• **DATA**:

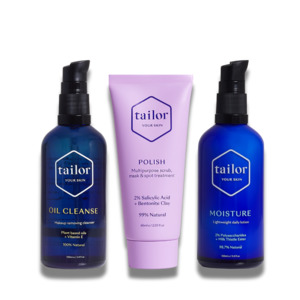 Promo Test: SKIN CARE ESSENTIALS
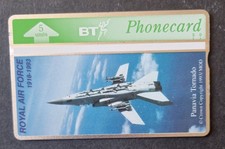 Bt Phonecard BTG 213 royal air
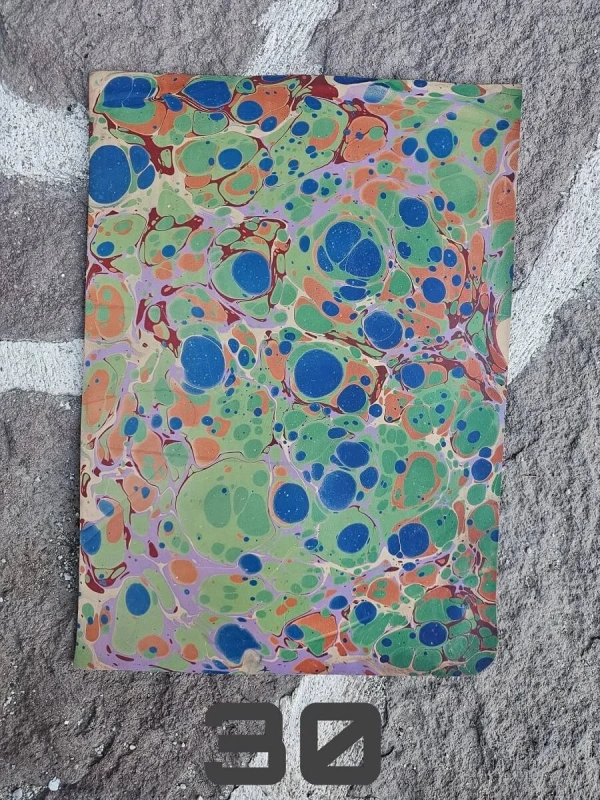 Ebruli Deri A3 (30cm x 40cm) (1mm-1.2mm)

• **WHAT TO WORK ON**:
Please give back the material above exactly as written, pictures omitted.

• **OUTPUT BELOW**:
 Promo Test: SKIN CARE ESSENTIALS
 Bt Phonecard BTG 213 royal air
 Ebruli Deri A3 (30cm x 40cm) (1mm-1.2mm)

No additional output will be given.